In un clima incendiario che pure oggi ha fatto registrare disordini: a Issawyia, uno dei quartieri più turbolenti nella parte orientale della città, un bambino palestinese di 11 anni è stato ferito in scontri con l'esercito israeliano dopo una fitta sassaiola e lancio di petardi. "La posizione palestinese è chiara: le violazioni israeliane sono linee rosse - ha detto una fonte ufficiale citata dalla Maan, riferendo il messaggio recapitato a Kerry - e non possono essere tollerate": specialmente a Gerusalemme e sulla Spianata delle Moschee, ai cui accessi il governo Netanyahu si appresta a a reintrodurre controlli di sicurezza aggiuntivi aboliti fin dal 2000, dopo la seconda Intifada.
Ma anche la situazione diplomatica complessiva è tesissima: l'Anp si appresta a presentare per fine mese una Risoluzione al Consiglio di sicurezza dell'Onu per il riconoscimento della Palestina come Stato nei confini del 1967 e la fine dell'occupazione israeliana entro il 2016. Mossa criticata dagli Usa - è probabile che Kerry abbia chiesto ancora una volta ad Abu Mazen di ripensarci - e avversata da Israele che la giudica unilaterale e contraria a un ipotetico accordo di pace legato a trattative dirette.
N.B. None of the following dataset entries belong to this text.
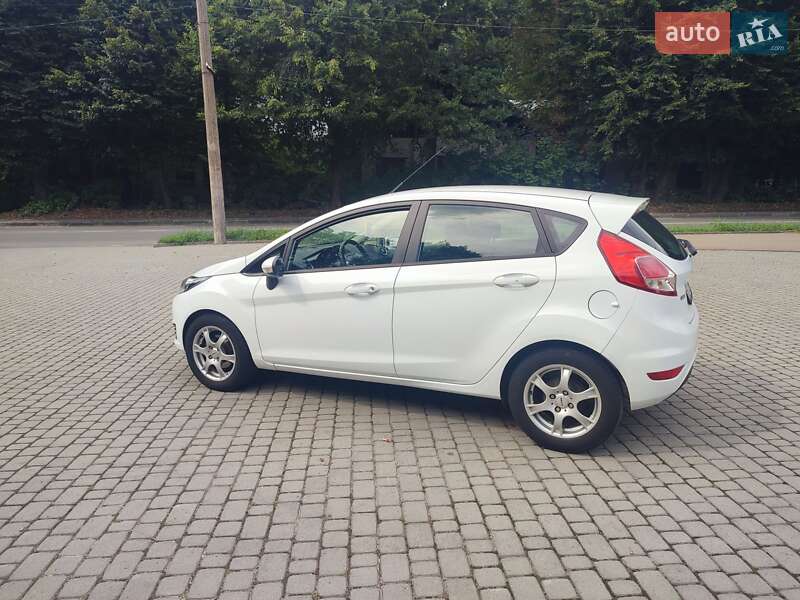 Хэтчбек Ford Fiesta 2014 в Львове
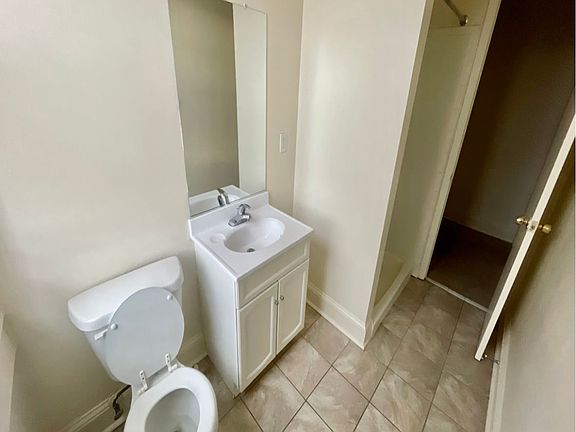 3rd image of 1816 Saint Paul St #17138407
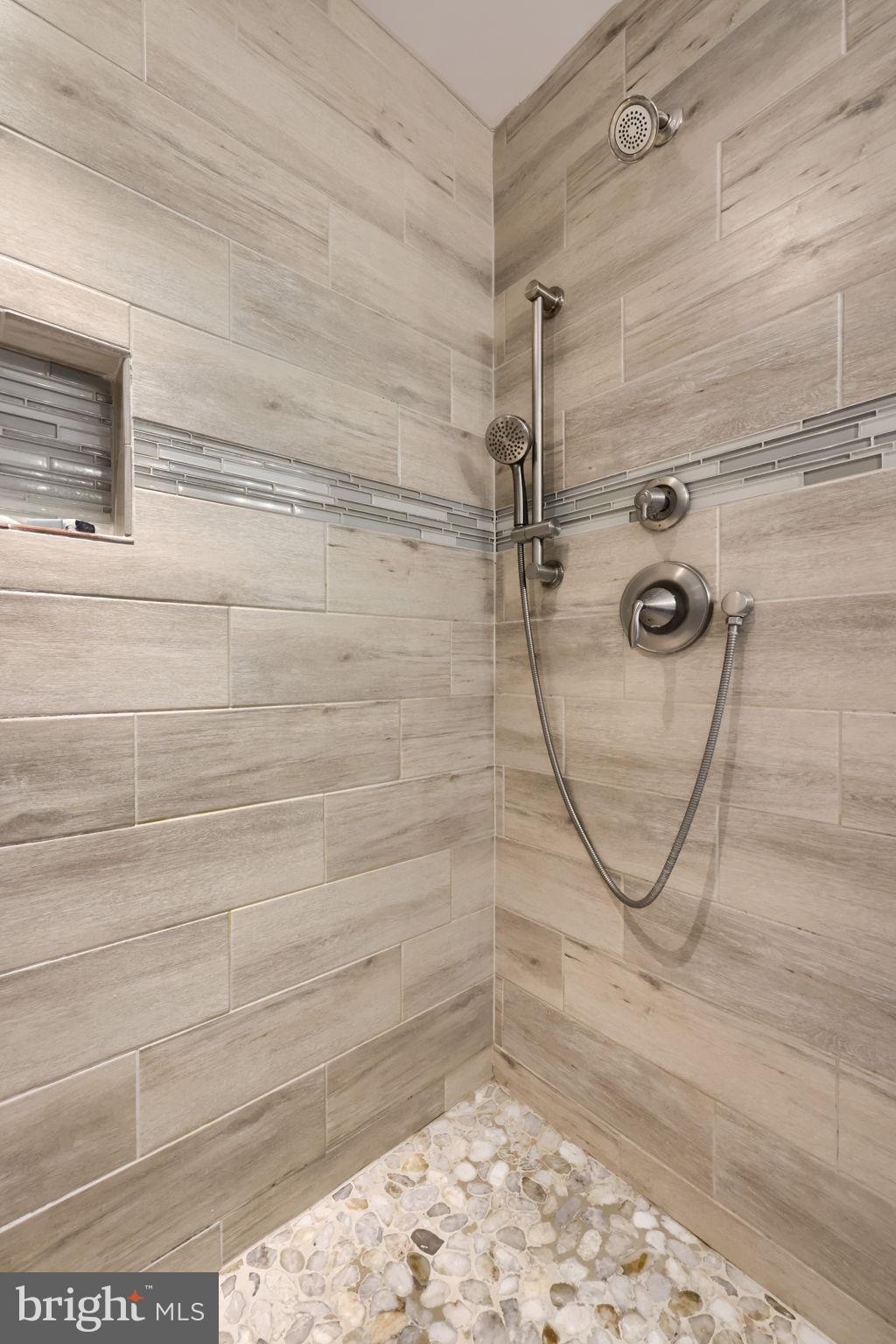 DONWOOD ESTATES - Residential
Il tutto su uno sfondo di incertezza segnato dal rinvio dei colloqui del Cairo mediati dall'Egitto tra Hamas e Israele sul fragile cessate il fuoco a Gaza. E anche dalla preoccupazione israeliana per le sempre più numerose decisioni dei parlamenti europei di votare documenti in favore del riconoscimento della Palestina: dopo Svezia e Gran Bretagna, lo farà con tutta probabilità il 28 novembre la Francia.
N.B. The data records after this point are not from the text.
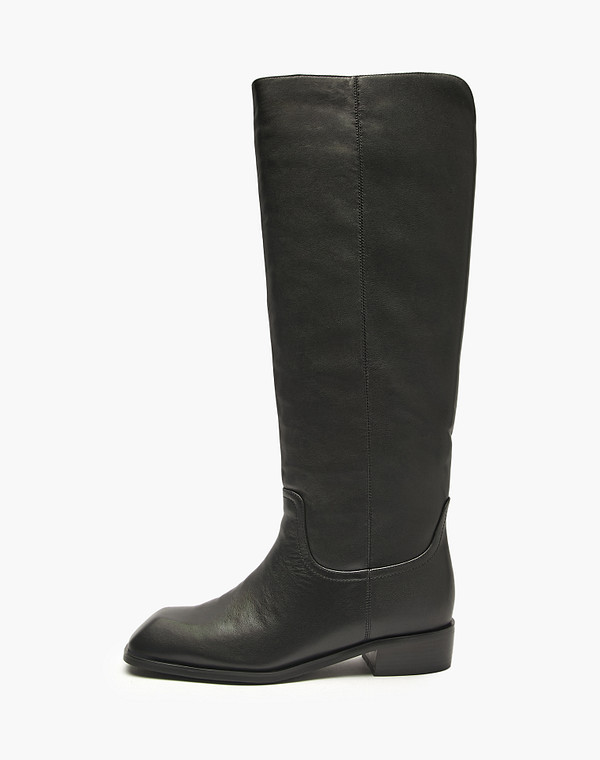 Черные женские сапоги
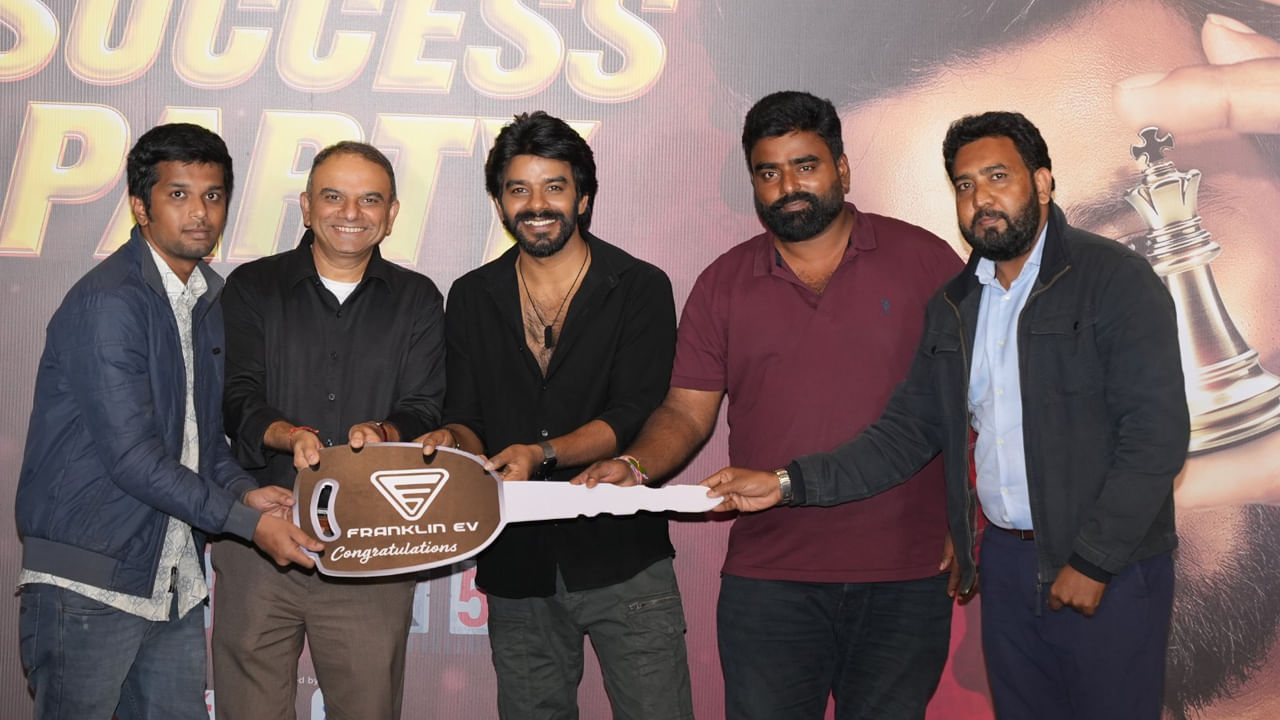 Aha Sarkaar Season 5: 'సర్కార్ తో ఆట' విజేతలకు ఫ్రాంక్లిన్ ఈవీ బైక్స్ అందజేసిన 'ఆహా'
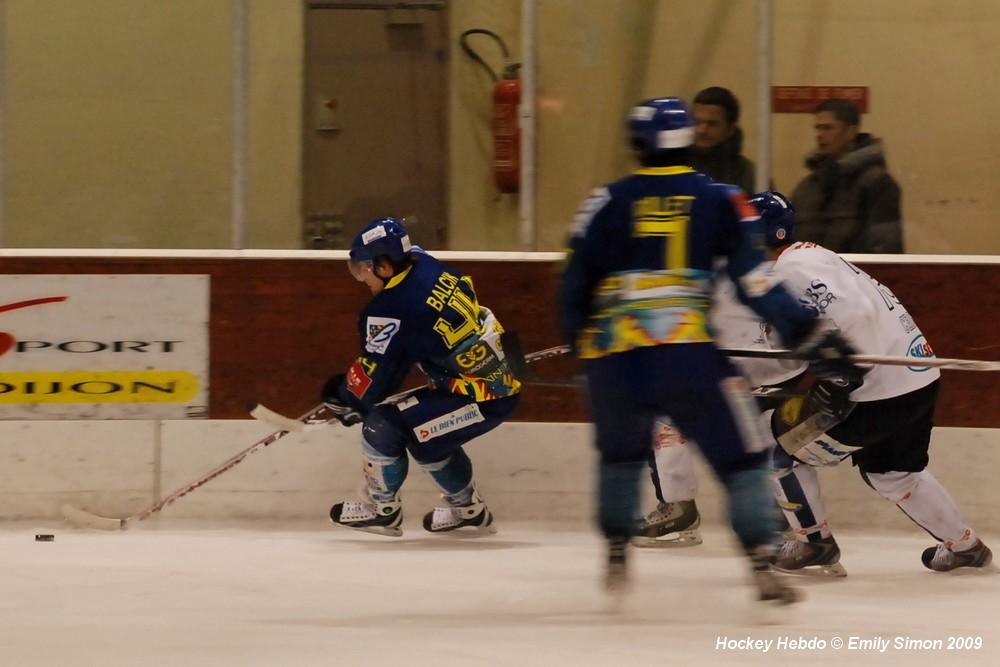 Dijon  7 - 1 Mont-Blanc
Inoltre, il Parlamento spagnolo martedì prossimo ha in programma di votare su una risoluzione che riconosce lo Stato palestinese, un voto largamente simbolico. La risoluzione, non vincolante, è stata presentata dal partito socialista all'opposizione e verra discussa marted8. Sembra che i conservatori del governo la sosterranno. Il Regno Unito e l'Irlanda hanno approvato misure simili lo scorso mese. Il governo svedese ha fatto un passo ulteriore e ha ufficialmente riconosciuto lo Stato palestinese lo scorso 30 ottobre, provocando forti proteste di Israele.